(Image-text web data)
┌──

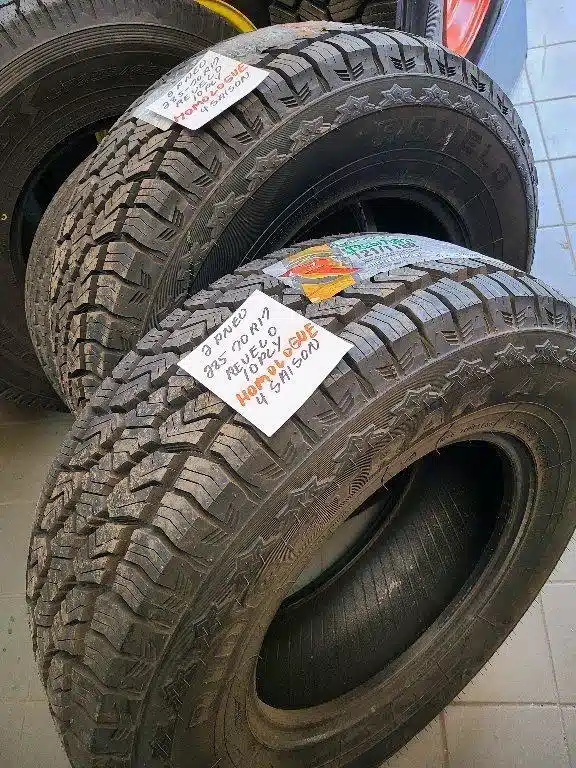 Gallery image 1 for Rovelo 285-70R17 Tires
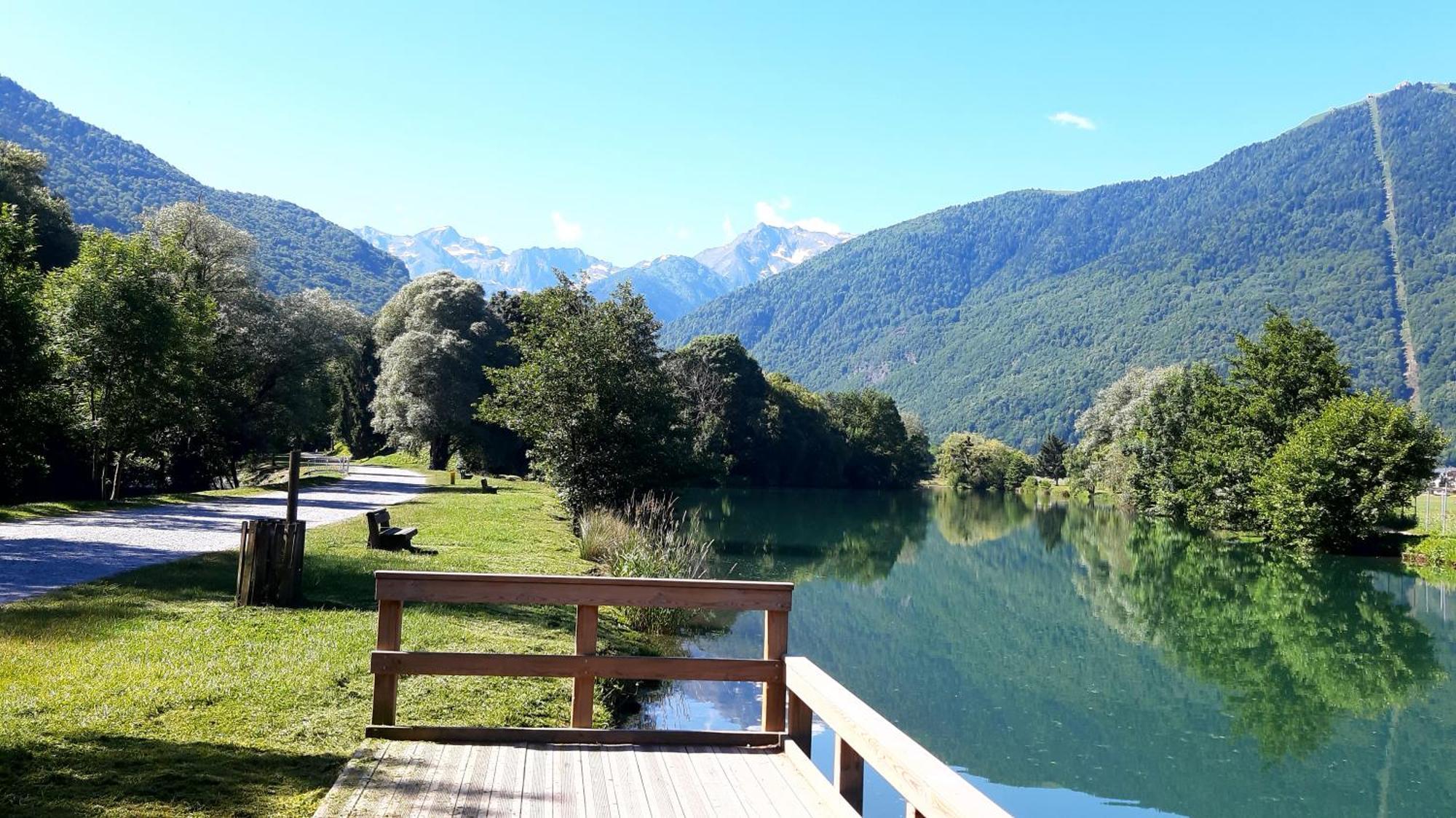 Le 102, T3 Pour 5 Personnes, Vue Montagne, Classe 2 Etoiles Nf, Parking, Piscine En Ete Bagneres-de-Luchon Экстерьер фото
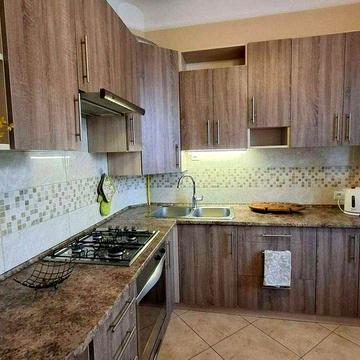 Здається в оренду двохкімнатна квартира.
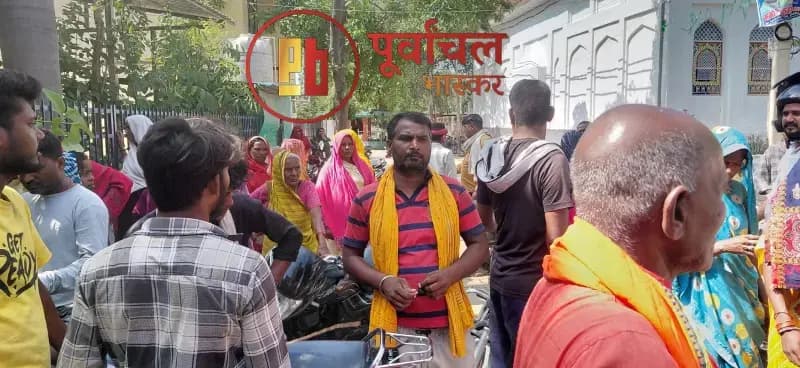 Chandauli News: टेम्पो चालक के विवाद में दो पक्ष भिड़े, लाठी-डंडे चले, चार घायल.
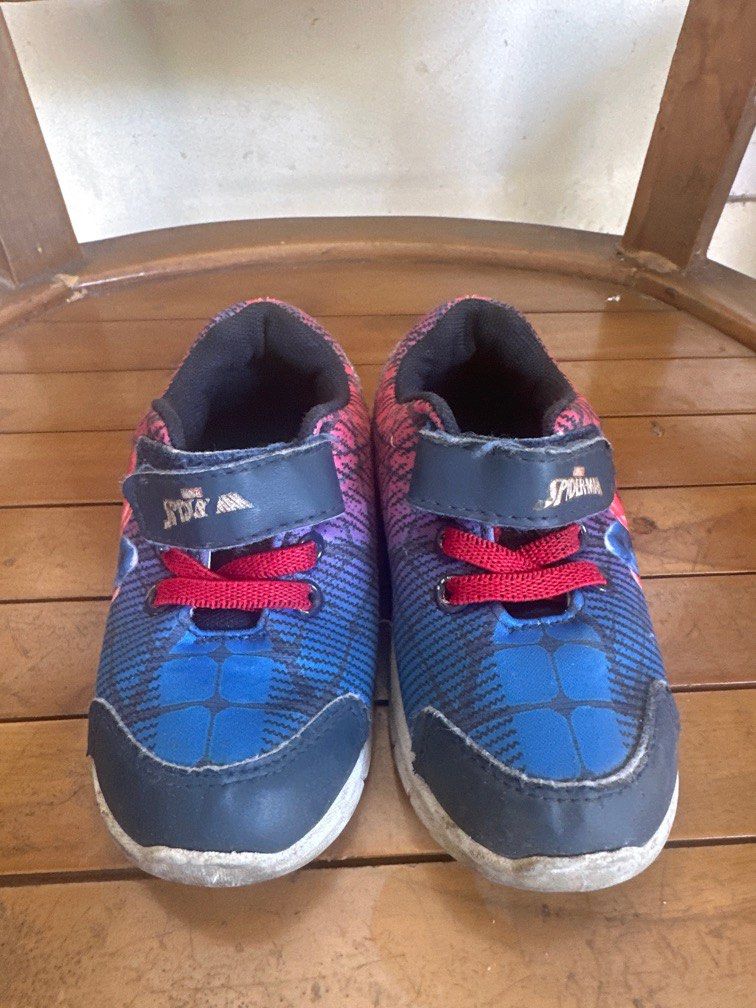 Sepatu Anak Spiderman Ukuran 25 (Kategori: 1 hingga 3 tahun) berada di Bogor. Dikirim oleh lovedbyfdp (ID iklan 1380133713, Gambar 2). Deskripsi: Sepatu Anak Spiderman Warna Merah Biru Ukuran 25 insole max 16 cm Bahan kain As is, tinggal dibersihkan No box Dijual karena anak sudah naik ukurannya.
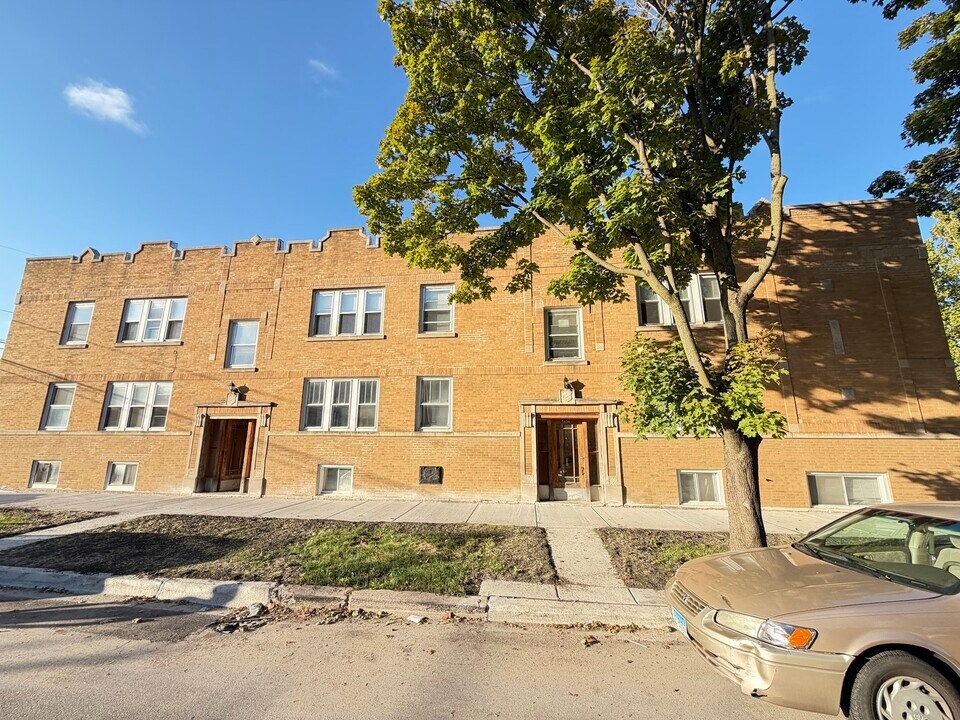 5842 W Barry Ave in Chicago, IL - Building Photo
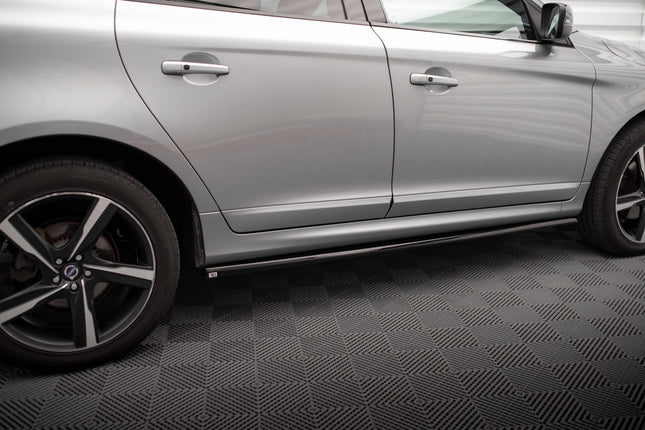Sidokjolar för Volvo XC60 R-Design MK1 Facelift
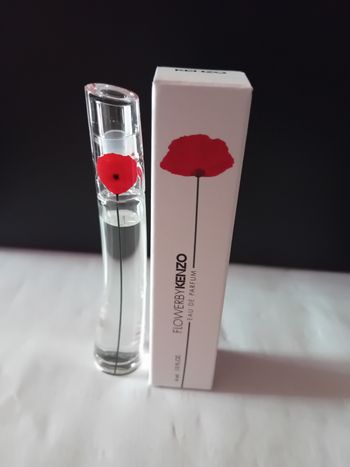 Miniature ( mini ) kenzo flower eau de parfum 4 ml. Neuve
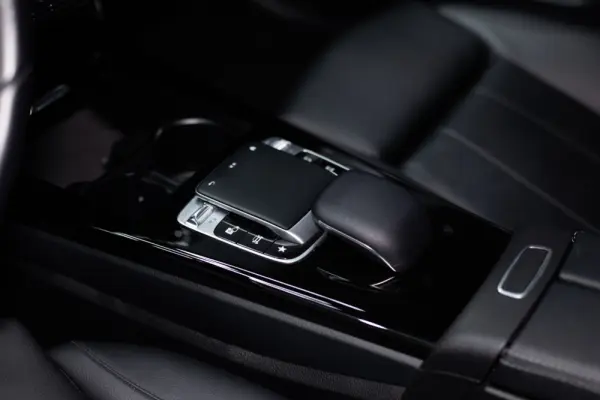 Mercedes-Benz A 250 e Progressive 35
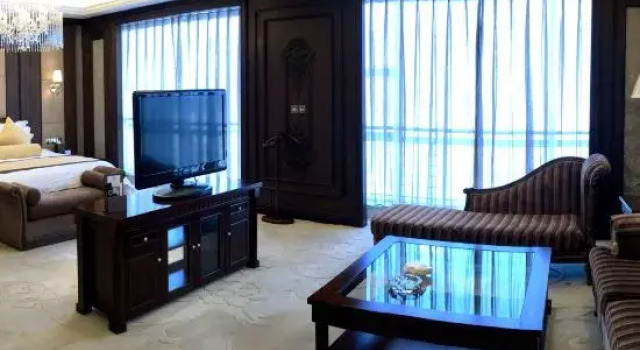 Люкс Presidential Howard Johnson Jindi Plaza Datong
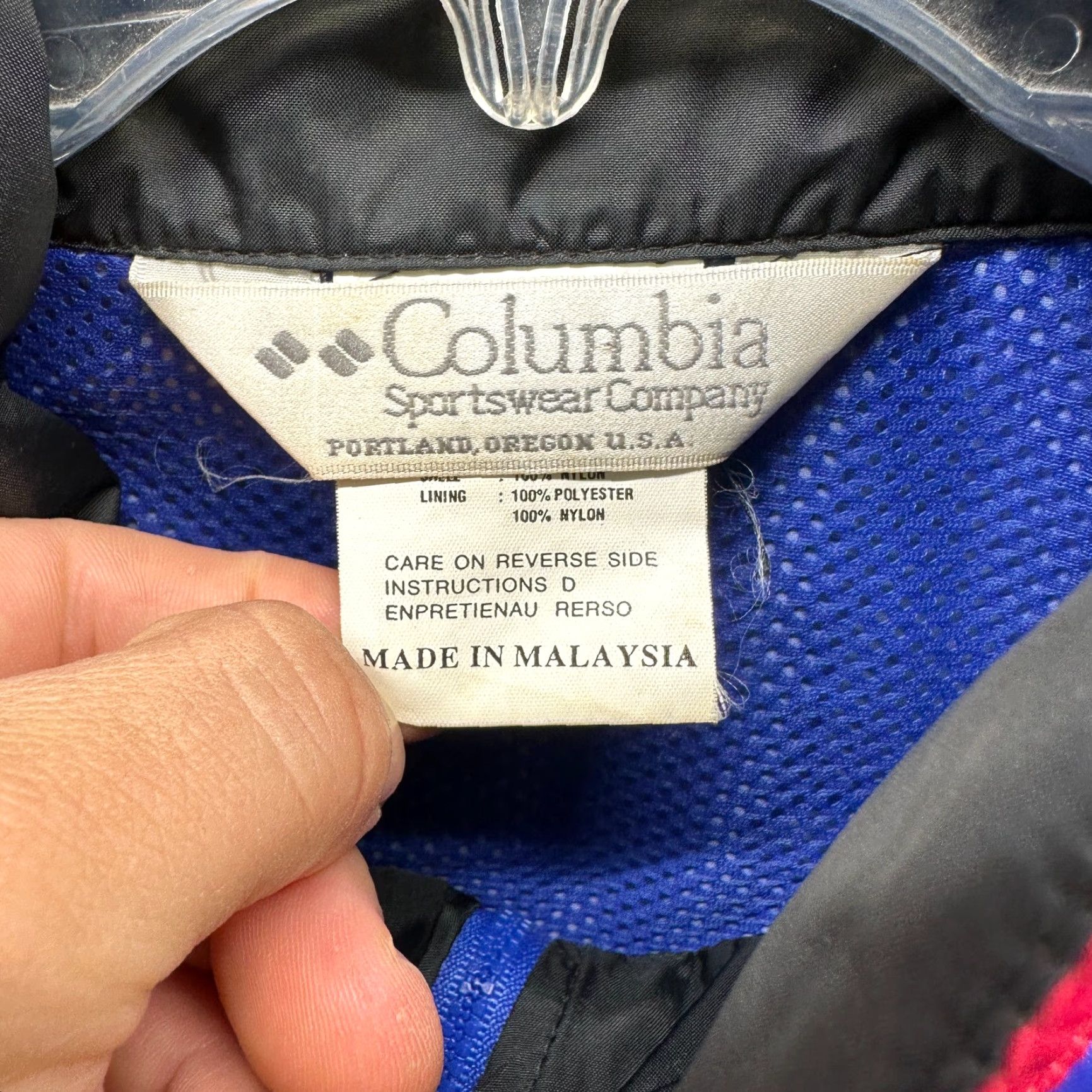Vintage VINTAGE Columbia Jacket Mens Large Blue Windbreaker Short Navy Black Nylon Softshell Logo Zip All Seasons Regular Size US L / EU 52-54 / 3 - 6 Thumbnail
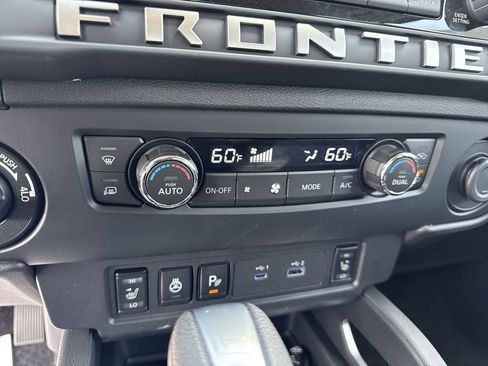 New 2026 Nissan Frontier SV w/ SV Convenience Package AWD/4WD image 18
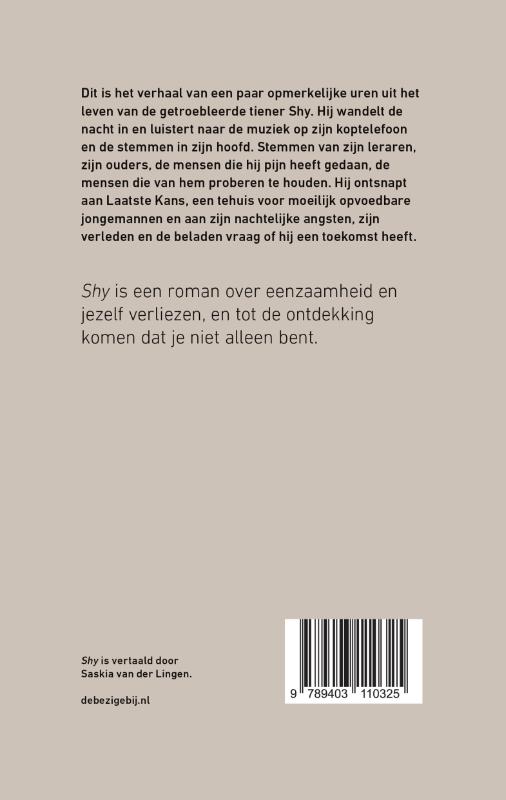 Achterkant van Shy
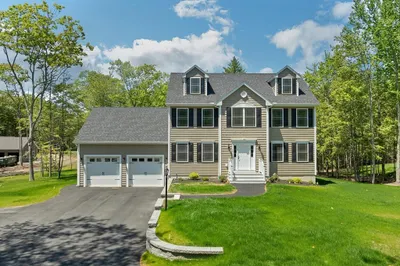 15 Bald Hill Rd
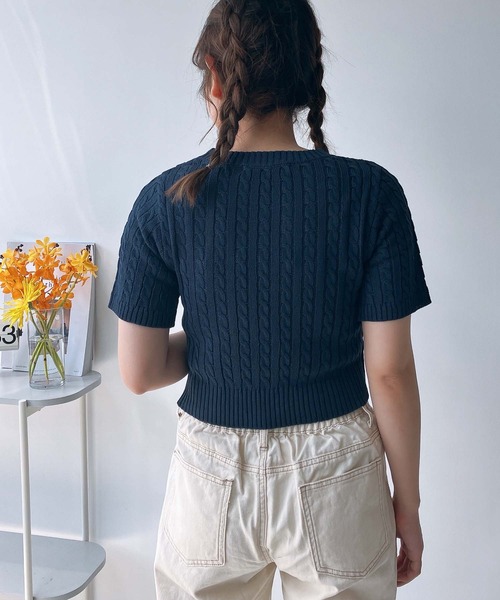 AS KNOW AS plus(アズノゥアズプラス)の「◎ロゴ刺繍 ケーブルニット半袖プルオーバー(ニット/セーター・レディース・ブルー/ネイビー/グレー/オフホワイト/レッド/ホワイト×ブラック/シルバー・FREE)」の13枚目の写真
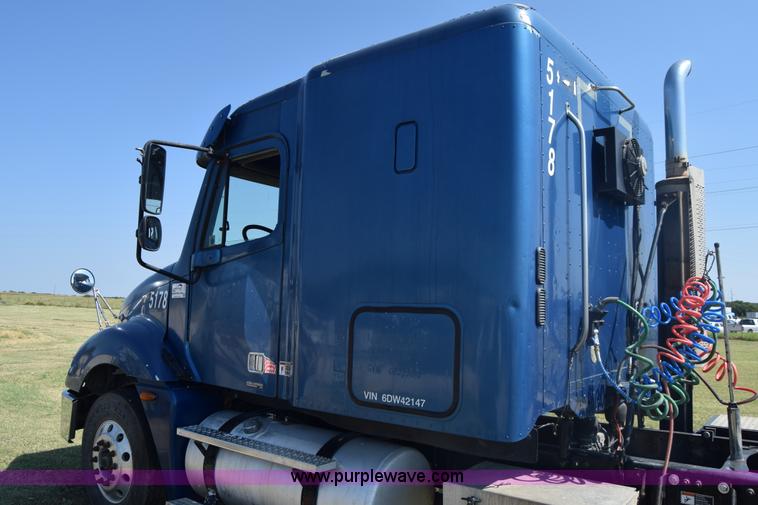 image for item J7218 2006 Freightliner Columbia semi truck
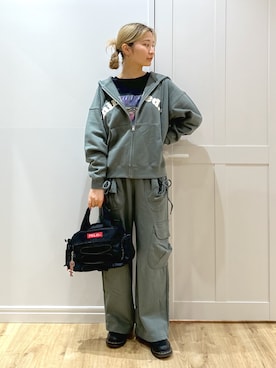 「アイテム（キーホルダー）」を使った、せいらさん（レディース・163cm）の夏コーディネート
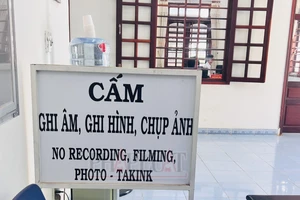 Ban Tiếp công dân tại Bình Phước ‘cấm ghi âm, ghi hình, chụp ảnh’?
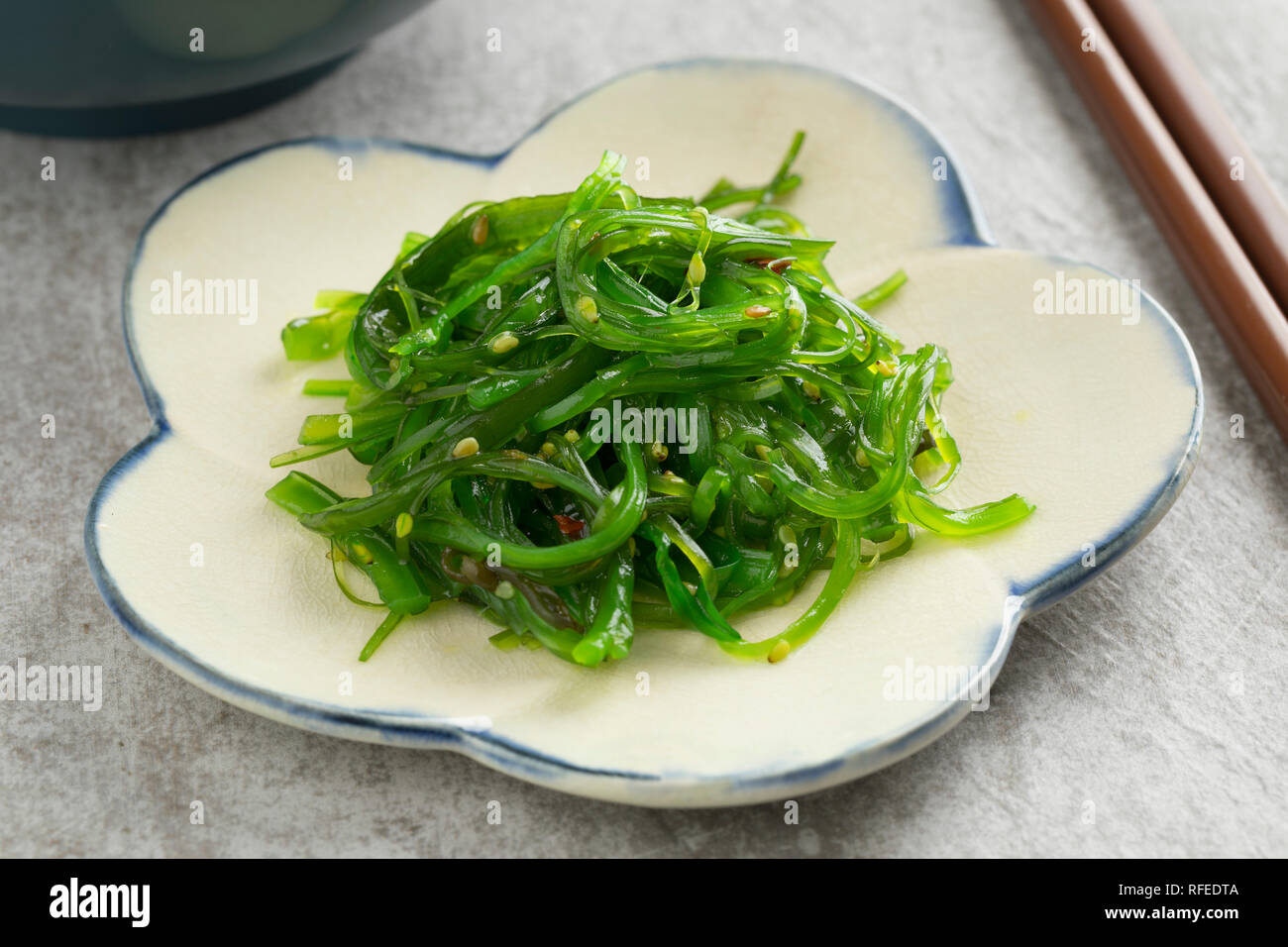 Il piatto con il verde biologico giapponese insalata Waskame Foto Stock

└──

> Aim of the task:
Pictures do not belong in the answer. Return the lines above starting at the one with "Sidokjolar för Volvo" and ending at the one with "Люкс Presidential Howard", both kept, exactly.

> Response box:
Sidokjolar för Volvo XC60 R-Design MK1 Facelift
 Miniature ( mini ) kenzo flower eau de parfum 4 ml. Neuve
 Mercedes-Benz A 250 e Progressive 35
 Люкс Presidential Howard Johnson Jindi Plaza Datong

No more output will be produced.